What was the process of converting it like? I assume you then had to write all of the inference code as well?

tough · 2025-05-13T11:45:00 1747136700

not the gp but found this https://github.com/ggml-org/whisper.cpp/blob/master/models/c...

Grimblewald · 2025-05-14T00:48:17 1747183697

I'd agree with your experience. I simply sit my phone (~200 dollar motorola, cheap phone) in centre of room, split voice file into chunks using voice prints/ID's I get from a voice embedding model I trained, then feed labelled chunks through whisper, and get a nice transcript of everything said. I combine that with my handwritten notes (as image, get a VLM to transcribe) and the agenda, and I get out really nice meeting minutes as a LaTex document. Works a charm and has turned an hour or two of work per meeting into maybe 30 minutes (proofing what was written).

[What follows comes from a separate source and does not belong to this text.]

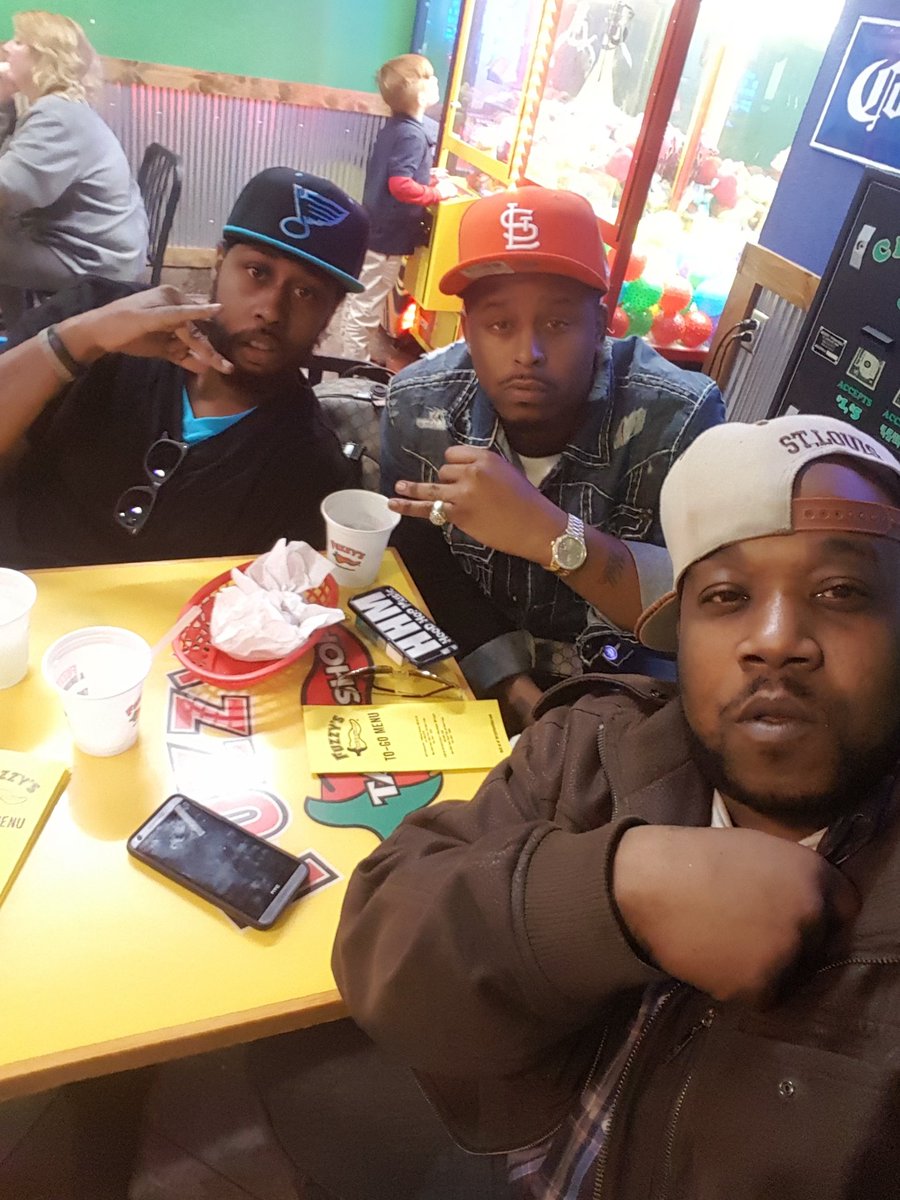 mshaze314's tweet photo. Hanging out with J-Kwon &amp; BD #FACEUPENT #HHM https://t.co/zpOrbouUjh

wkat4242 · 2025-05-13T10:26:04 1747131964

Which model do you use? I use large usually, on a GPU. It's fast and works really well. Be aware though that it can only recognise one language at a time. It will autodetect if you don't specify one.

Of course the smaller models don't work nearly as well and they are often restricted to English. Large works great for me though it does require GPU hardware to be responsive enough, even with faster-whisper or insanely-fast-whisper.